Museums and Twitter: A PC Idea

Every once in a while a great idea comes out of merging unique items – peanut butter and jelly, chocolate and peanut butter, salt water and taffy all come to mind. I recently had a revelation when I crossed Nina Simon’s and Koven Smith’s write ups about institutions using Twitter with a few sites I recently came across.

twitter_logo

A few weeks ago I found myself on a site called F*** You 2008. The site aggregates Twitter messages with the term “f***you2008” by searching for the phrase in recent tweets using what appears to be some fancy Ruby scripting. For the most part these messages include expressive comments about money lost, jobs lost, or any other unfortunate event associated with 2008. While I don’t totally agree with the language used on the site, though it is pretty funny, I was intrigued by how it was able to display comments directed at a specific subject.

Another site I came across recently almost does the same thing! www.dearie6.com asks it’s visitors to follow on Twitter the user profile of DearIE6. Once you are following that profile you can send direct messages to it which in turn will be displayed on the site www.dearie6.com. This site is a place where people can comment on their frustrations with the bug-ridden V.6 Internet Explorer browser.

I came across both sites after I had read the recent Twitter related posts on the Museum 2.0 blog and at www.kovenjsmith.com. Both articles address the institutional voice and how it should be leveraged in an online social space such as Twitter. Nina talks about creating a unique experience in your institution around Twitter by posting funny things overheard, behind the scenes info, or interesting facts about the building. This got me thinking…

Since I have a budget of nill-to-none at the museum I’m always trying to think of ways to use the internet to benefit our programs and collection at a low price point. I’ve recently been thinking about ways of commenting on works of art in the permanent collection and how this could be achieved in an engaging and interactive way.

Enter F***you2008 and DearIE6.

Hung Liu - Chinese Profile (Collection of SJMA)

Hung Liu - Chinese Profile (Collection of SJMA)

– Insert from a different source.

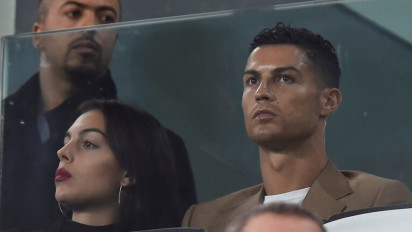 Dikira Pernikahan Cristiano Ronaldo dan Georgina Rodriguez, 2.000 Fans Rela Kepanasan ternyata Pengantinnya bikin Kaget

Let’s say that I wanted to have a page devoted to Hung Liu’s Chinese Profile in our permanent collection. The museum would sign up for a Twitter account with the username @ChineseProfile or @SJMA_ChineseProfile. Visitors, both onsite and online, could then send comments or thoughts via the direct message feature on Twitter which would show up on the @ChineseProfile user page. This would have to happen after the visitor signed up for the service and then started to follow @ChineseProfile. A museum could create a Twitter page specific to an artwork in the collection where people could actively engage with others around the artwork. The work could even engage them back through a curator, registrar, preparator, or all three!

Example Wireframe

Example Wireframe

I like the idea of taking things a step further by utilizing the APIs or widgets offered by many of these web services to bring the experience to our your own website as well. You could create a page on your institutions site and pull the dialogue to it through some scripting with the Twitter APIs. Additionally on the page you could have a large image of the work, maybe a Wikipedia entry describing the work, etc. To illustrate, I have drawn up a wireframe example which you can view in-full by clicking on the thumbnail.

Obviously one of the biggest challenges with utilizing Twitter is the generational gap and trying to gain the art perspective of the older technology-challenged museum visitor. While they might have heard about Twitter by watching CNN or reading about it in this thing called a newspaper, they might never have signed up for any services on the Internet. Then to try and explain the concept of an “@” message sounds even more difficult.

I’m not sure if this is a truly unique idea. Are any museums doing it or something similar? I’d really like to know. I share this information with the larger museum community with the hopes that someone might attempt it and report back. Unfortunately, in my new limited capacity (half-time due to budget issues) I don’t think I will have the opportunity to attempt it! Let me/us know if it works out!